Shadrach sorride, scuote la testa.
— Ci sono ebrei neri — dice la ragazza. — Lo so. Ci sono perfino ebrei cinesi.
— Gengis Mao è ebreo — dice Joseph, e scoppia a ridere di gusto. Nessun altro ride con lui. Meshach Yakov lo guarda male; la sorella di Yakov sembra scioccata, Leah imbarazzata. Shadrach si scopre scosso dall’intrusione improvvisa di quel nome estraneo nella casa di questa famiglia che vive tranquilla per conto suo.
Yakov dice serio al ragazzo: — Non dire sciocchezze.
— Non intendevo dire niente — protesta Joseph.
— Allora risparmia il fiato — ribatte Yakov rapido. A Shadrach dice: — Non siamo dei grandi ammiratori del Presidente, qui. Ma preferirei non discutere di queste cose. Mi scuso per le stupidaggini del ragazzo.
— Non c’è nessun problema — dice Shadrach. Leah dice: — Come mai ha un nome ebraico?
— La mia gente prendeva spesso nomi dalla Bibbia — le dice Shadrach. — Il padre di mio padre era un religioso, uno studioso di teologia. Lo ha suggerito lui. Un mio zio si chiama Absalom. Si chiamava per la verità. E dei cugini, Solomon e Saul.
— Ma il cognome — insiste la ragazza. — Intendevo dire quello. È ebraico anche quello. Una volta c’era un famoso rabbino chiamato Mordecai, in Germania, tanto tempo fa. Ce ne hanno parlato a scuola. I neri scelgono anche i cognomi?
— Ci sono stati dati, dai nostri padroni. La mia famiglia un tempo dev’essere appartenuta a qualcuno che si chiamava Mordecai.
— Appartenuta?
— Quando erano schiavi — le sussurra severo Joseph.
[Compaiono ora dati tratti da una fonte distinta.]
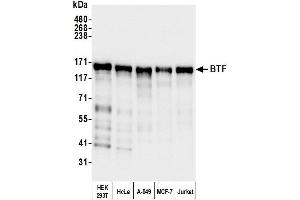 Western Blotting (WB) image for anti-BCL2-Associated Transcription Factor 1 (BCLAF1) (AA 150-200) antibody (ABIN7454651)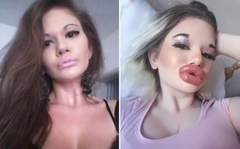 Ovo je djevojka s jednim od najvećih usana na svijetu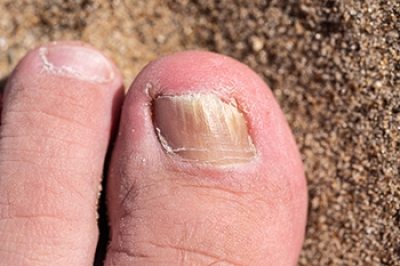 Managing Thick Toenails Caused by Fungal Infections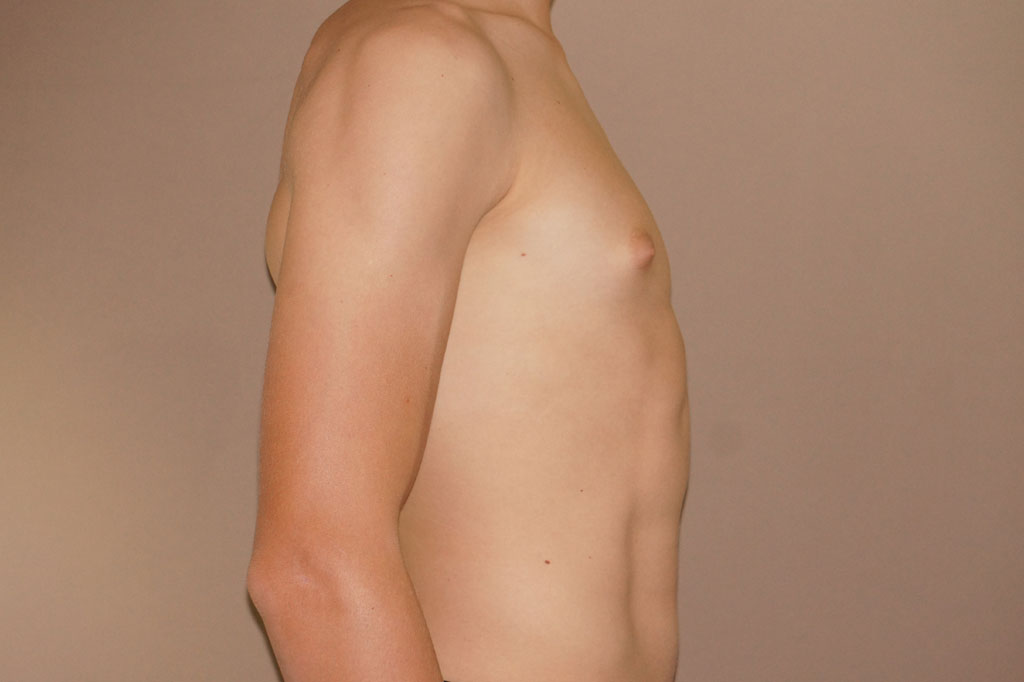 Gynecomastia with partial gland removal ante/post-op III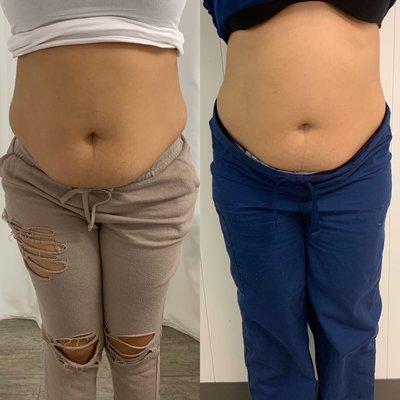 Non Invasive Lipo/ Cavitation Dear Body By Tiera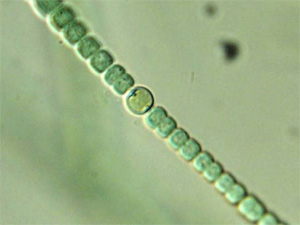 Круглая гетероциста среди цилиндрических фотосинтезирующих клеток в нитевидной колонии цианобактерий (фото с сайта botit.botany.wisc.edu)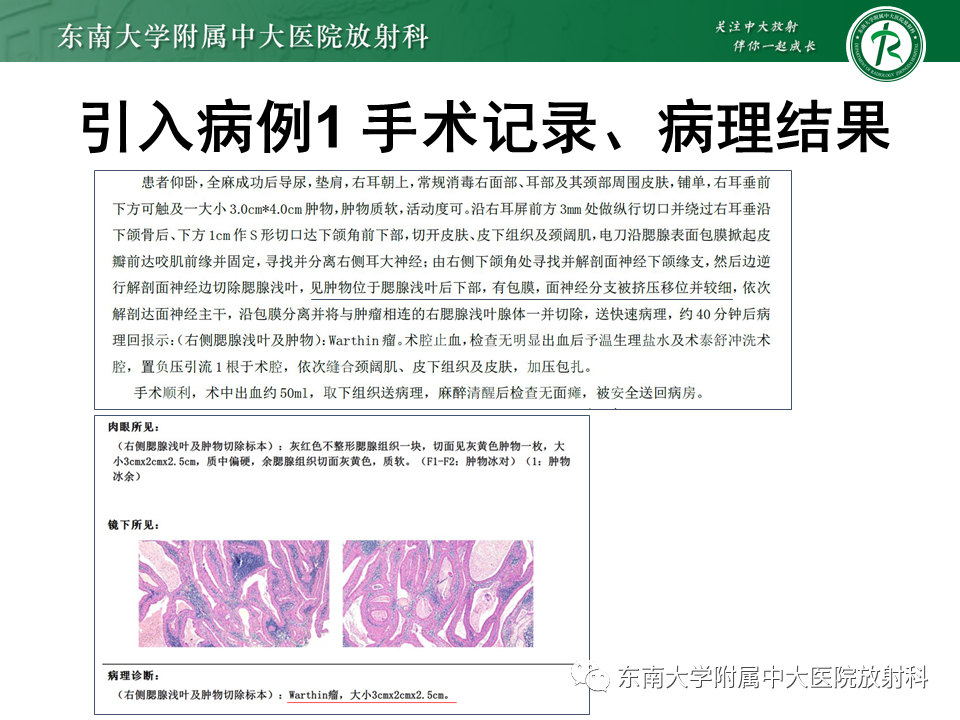 ff644916b873b1543a0a13c48baeab9f.png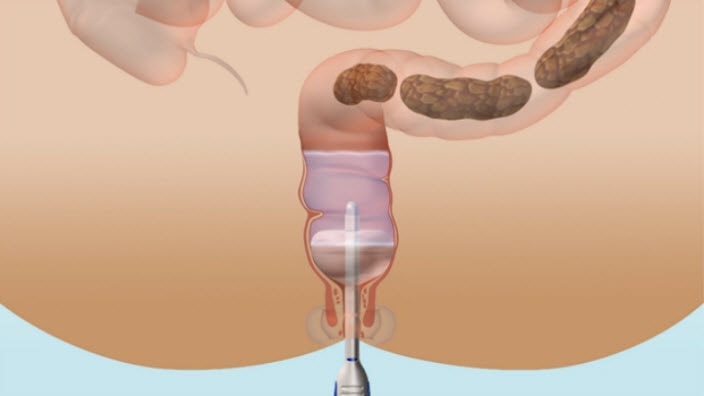peristeen anal plug usa Peristeen anal plug usa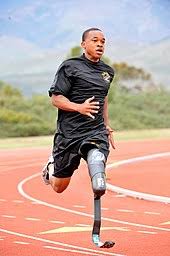 Custom prosthetic leg covers, designed and manufactured in canada. Prosthesis Wikipedia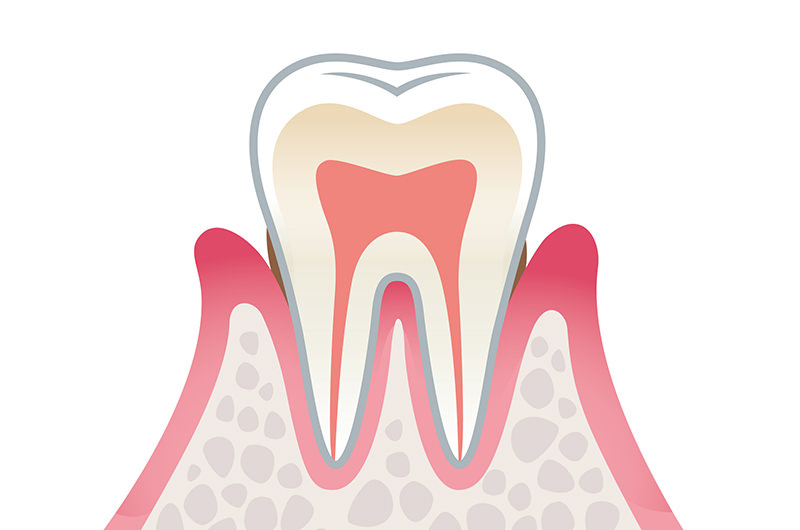 軽度歯周炎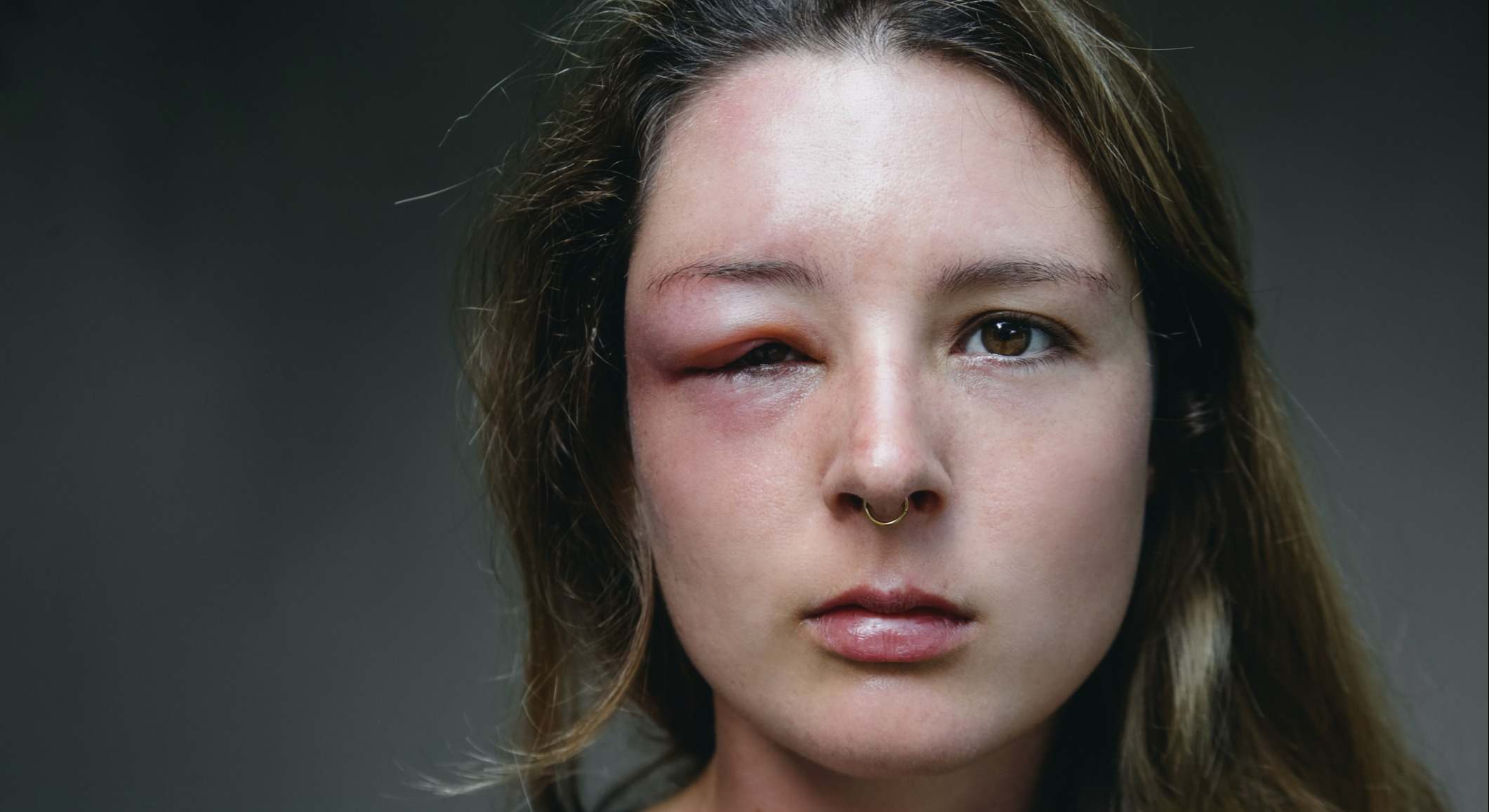 Joven mujer caucásica con un ojo hinchado de la picadura de una avispa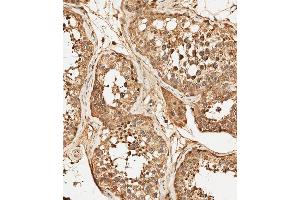 (ABIN392786 and ABIN2842224) staining PFKFB4 in human testis tissue sections by Immunohistochemistry (IHC-P - paraformaldehyde-fixed, paraffin-embedded sections). (PFKFB4 anticorps  (AA 266-296))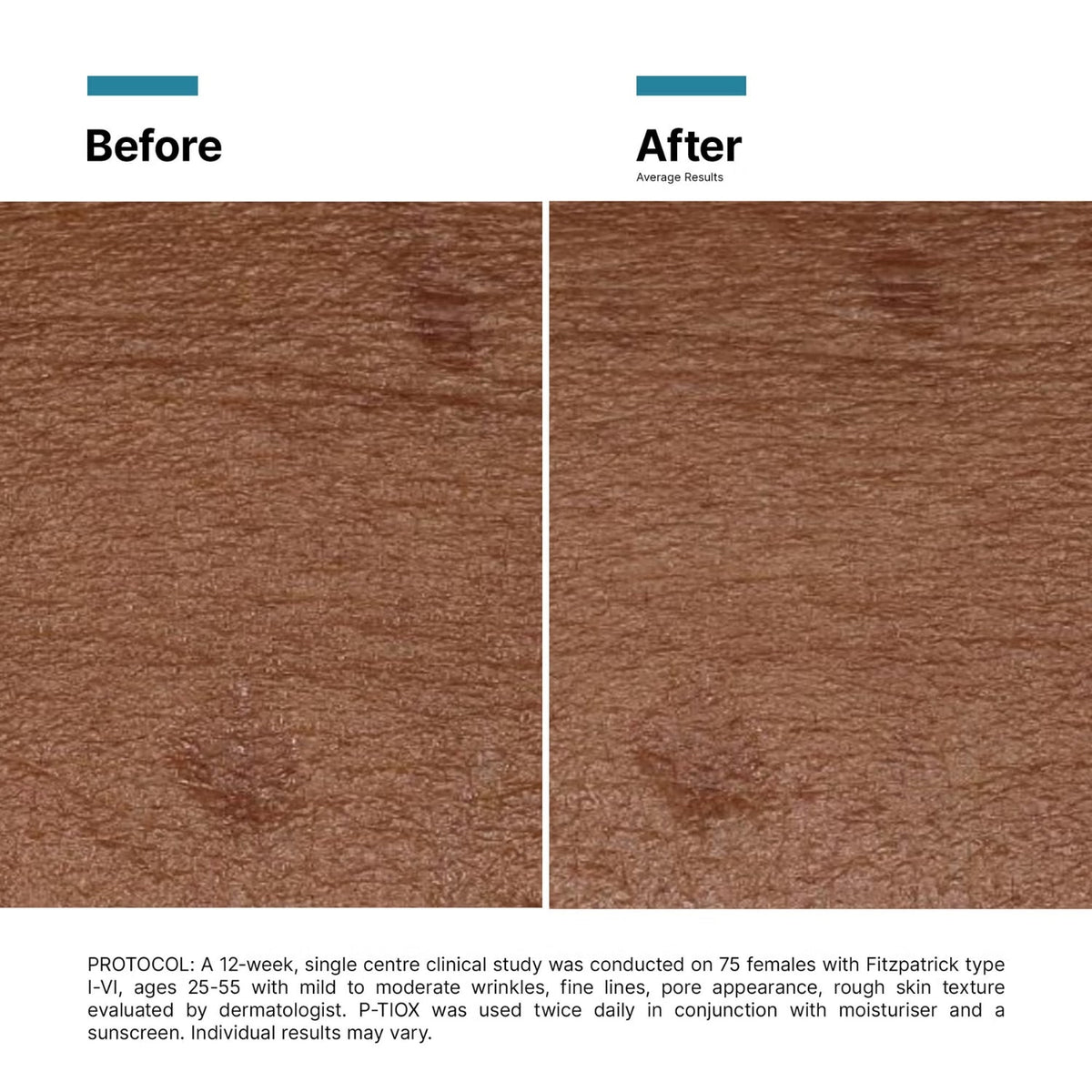 SkinCeuticalsSkinCeuticals P-Tiox 30mlSkinShop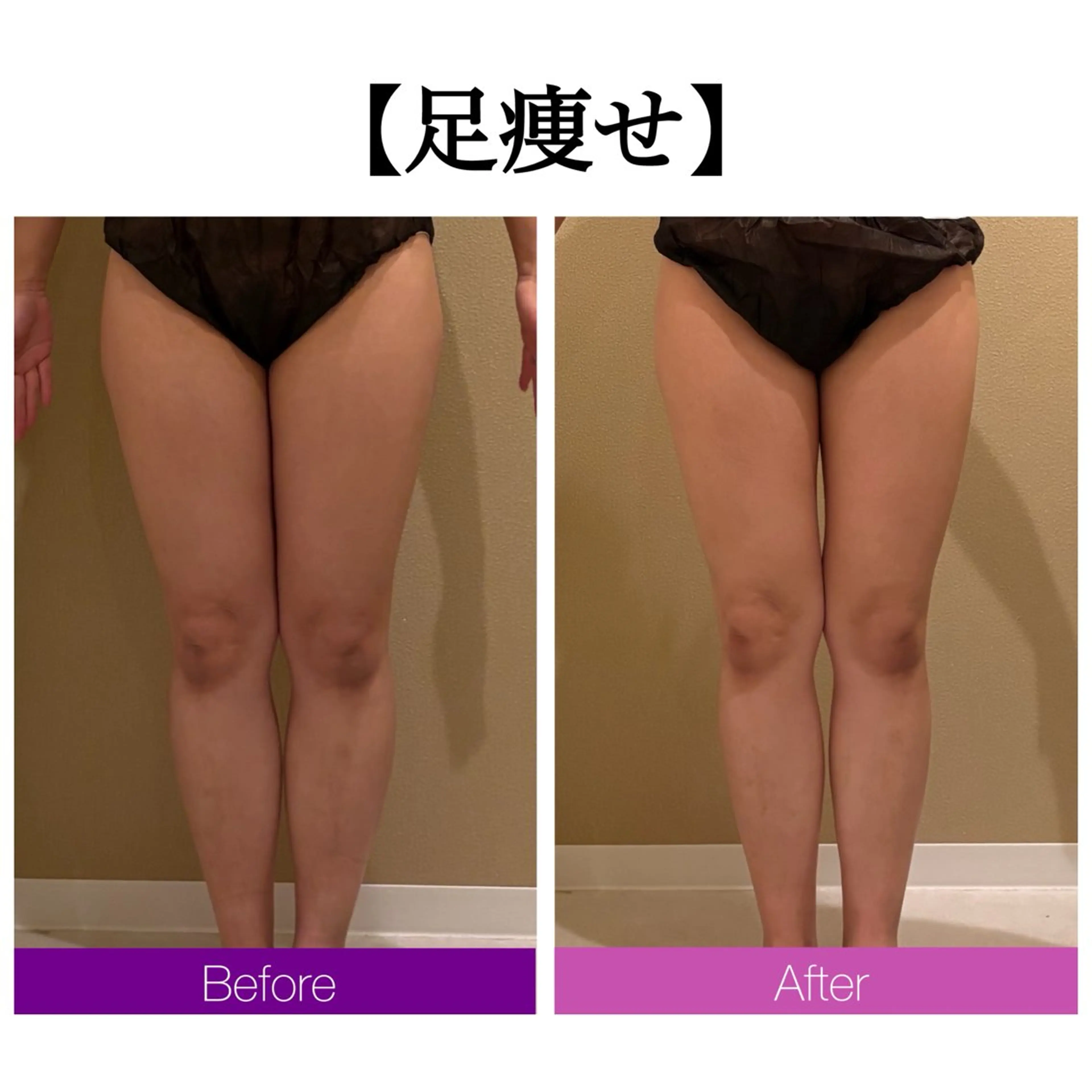 小顔コルギ ☆表参道/外苑前のエステ・リラクイメージ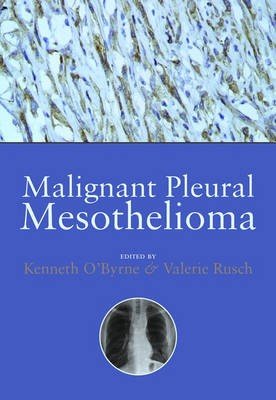 Malignant Pleural Mesothelioma
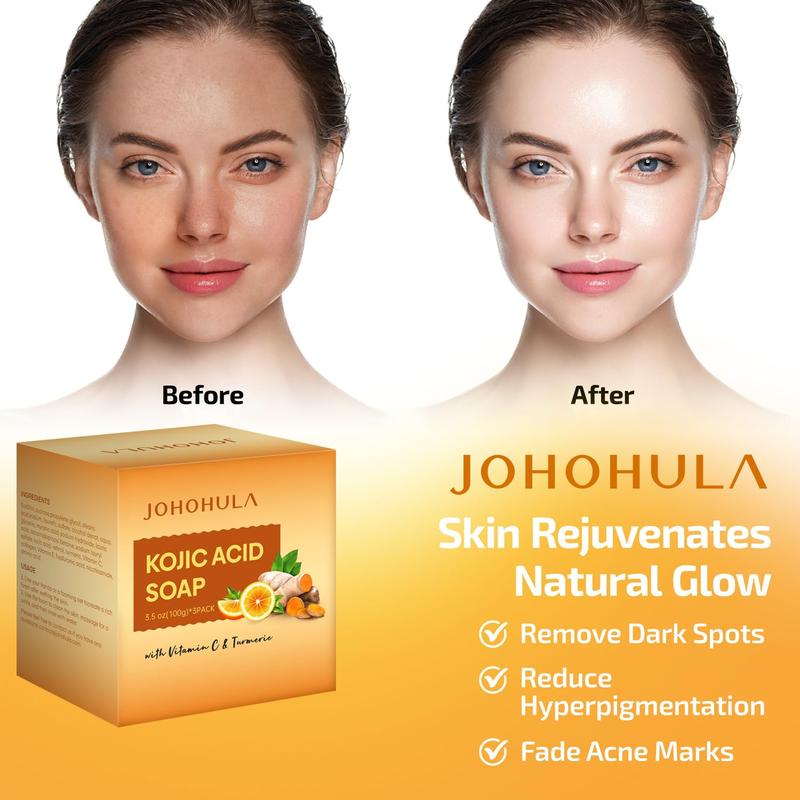 Johohula Turmeric Kojic Acid Soap: Dark Spot Corrector with Vitamin C, Retinol, Collagen. Smooths, firms, brightens. For face & body. 3 x 100g bars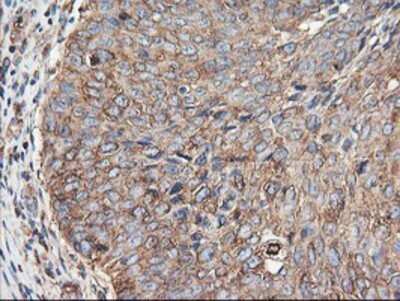 Immunohistochemistry: TUBAL3 Antibody (OTI4C5) - Azide and BSA Free [NBP2-74696]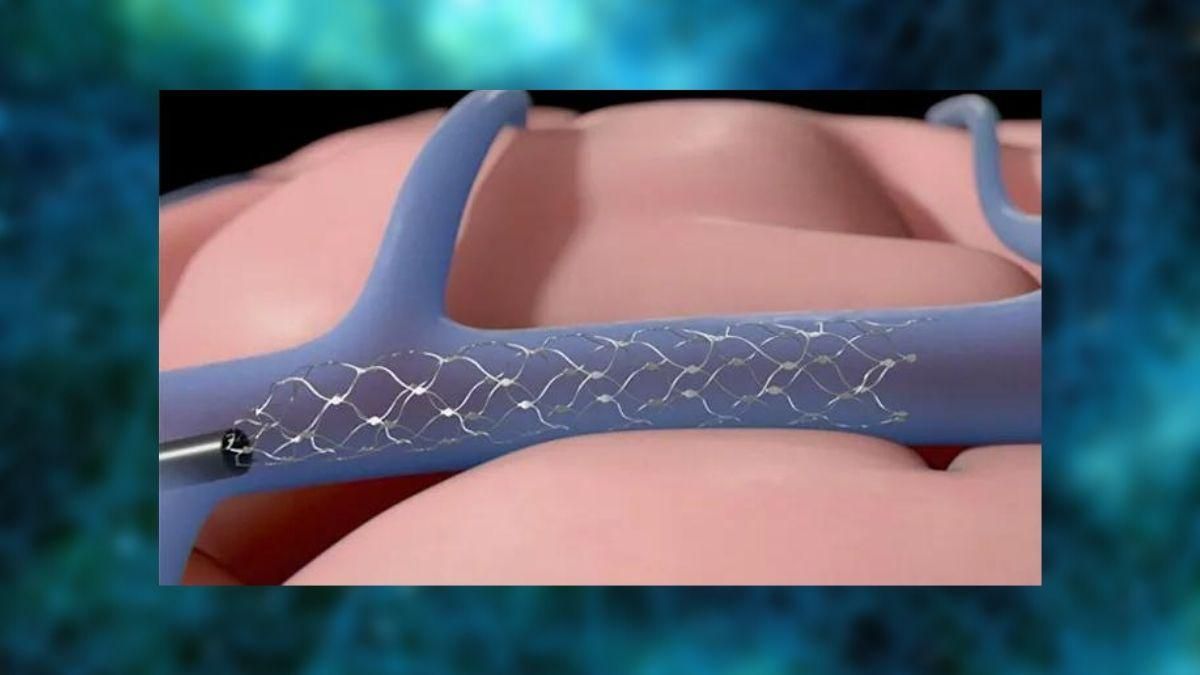 FDA схвалило випробування нейроімплантів на людях FDA схвалило випробування нейроімплантів на людях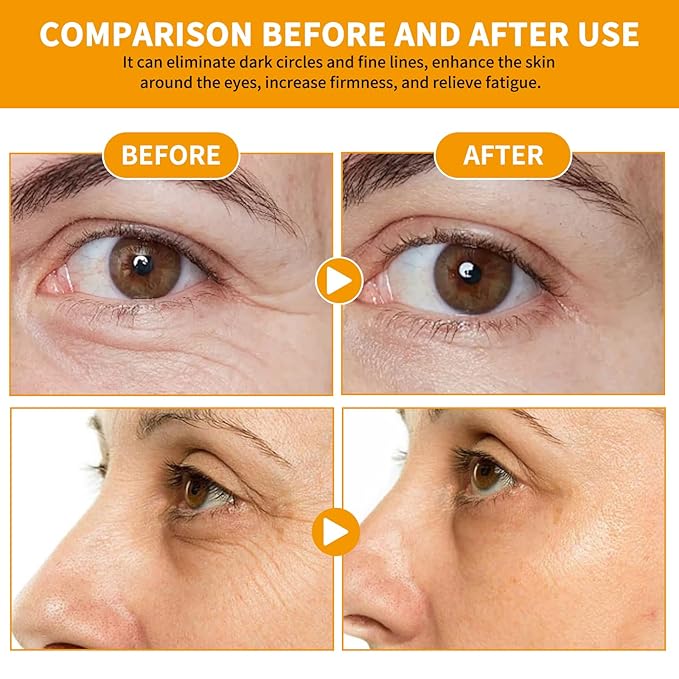 Vitamin C Eye Cream Puffiness Remover Serum Anti-aging & Moisturising Eye Bags Treatment for Men and Women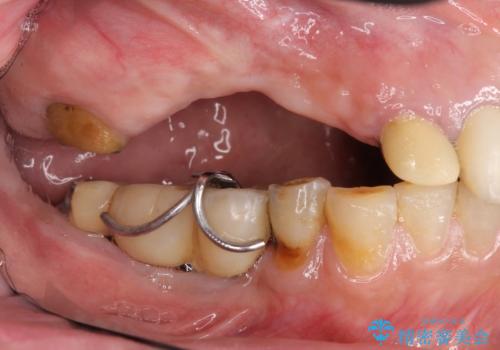 他院で中途半端に終わってしまったインプラント治療 の治療前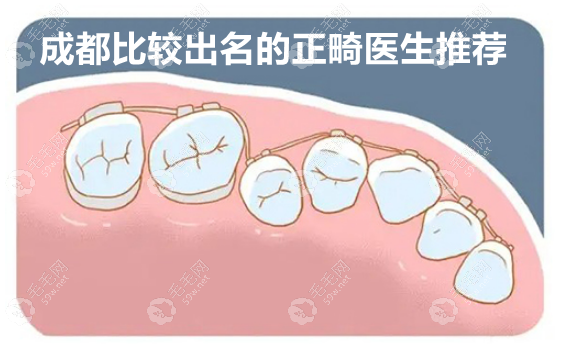 成都比较出名的正畸医生 毛毛网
— Anche voi siete stati schiavi? — dice la ragazza. — Non lo sapevo. Noi siamo stati schiavi in Egitto, lo sa. Migliaia di anni fa.
Shadrach sorride. — Noi siamo stati schiavi in America. Più recentemente.
— E il vostro padrone era un ebreo? Non posso credere che un ebreo terrebbe degli schiavi, no!
Shadrach vorrebbe spiegarle che lo schiavista Mordecai, se mai è esistito e se è lui che ha dato quel nome ai suoi neri, non era necessariamente un ebreo, ma avrebbe anche potuto esserlo, perché perfino degli ebrei non si erano fatti scrupolo di possedere schiavi ai tempi delle piantagioni; ma la discussione sta mettendo a disagio Meshach Yakov, si direbbe, e l’uomo cambia argomento in modo tanto brusco da lasciare i giovani a bocca aperta, chiedendo alla sorella se la cena sarà pronta tra molto.